C’est là qu’un caillou s’est glissé dans la chaussure de Bart de Wever : les autres partis traditionnels flamands ont aussi globalement réussi leur mission. Sans gloire ni panache certes, mais ils ont sauvé les meubles. Chrétiens-démocrates, socialistes et libéraux ne s’effondrent pas au nord du pays. Ils résistent. C’est certainement le cas du CD&V de Kris Peeters : il tient le coup et atteindrait même la barre des 20% qu’il visait. Le SP.A n’est pas balayé, l’Open VLD n’est pas réduit à néant, n’en déplaise au parti de De Wever qui rêvait de siphonner la droite flamande.

La N-VA doit même partager la palme de la victoire, certes nettement plus modeste celle-là, avec Groen : les écologistes flamands, à l’inverse de leurs camarades francophones, retrouvent des couleurs. Crédité de 9%, Groen fait ainsi démentir la réputation d’un nord du pays qui aurait définitivement basculé à droite. Un signe.
C’est une autre formation séparatiste que le tsunami N-VA a englouti : le Vlaams Belang, porteur de l’extrémisme nationaliste, n’est plus que l’ombre de lui-même, brutalement ramené à 6% des suffrages après avoir capté jusqu’à 24% de l’électorat flamand. Au passage, le parti de Bart de Wever s’est offert le scalp de la Lijst Dedecker déclarée en état de mort clinique avant même le scrutin.

Si la N-VA décroche la timbale, c’est avant tout aux dépens de la mouvance nationaliste flamande. Non au détriment de l’aile flamande de l’ex- coalition fédérale Di Rupo. CD&V, SP.A et Open VLD réussiraient même un véritable petit exploit, dans le climat ambiant : ils retrouveraient à eux trois la majorité, même minime, qui faisait cruellement défaut à Di Rupo Ier dans le groupe linguistique néerlandophone à la Chambre.

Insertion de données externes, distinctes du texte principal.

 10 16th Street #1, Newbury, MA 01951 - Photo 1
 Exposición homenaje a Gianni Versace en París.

Voilà Bart De Wever privé d’un argument de poids qu’il ne cessait de marteler pour entretenir la frustration des Flamands.

Cette performance n’échappe évidemment pas aux francophones. Qui cherchent à se rassurer comme ils peuvent : « Un flamand sur trois a voté N-VA ? Fort bien. Deux Flamands sur trois n’ont pas voté N-VA : c’est encore mieux. »

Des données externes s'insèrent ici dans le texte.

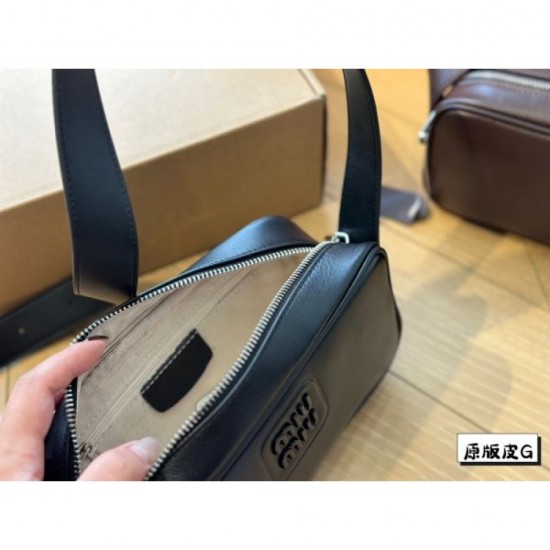 MIU MIU Shoulder Bag 2023FW Limited Edition MIU MIU Shoulder Bag 2023FW Limited Edition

Paul Magnette, président d’un PS malmené mais qui reste numéro un en Wallonie, n’a pas boudé son plaisir de la souligner lors de sa première intervention : « les partis séparatistes accusent un certain recul en Flandre, les partis de la majorité gouvernementale sortante résistent, la famille socialiste resterait la première du pays. »
Trois sujets de contrariété sur le bulletin de victoire d’un Bart De Wever conforté dans son leitmotiv : « jamais il n’y a eu un tel fossé entre la démocratie flamande et la démocratie francophone », assène le président de la N-VA. L’aveu d’un échec : son ultime appel aux électeurs francophones à jeter aux orties le modèle PS n’a pas eu l’effet escompté. Le modèle N-VA se casse les dents en Wallonie.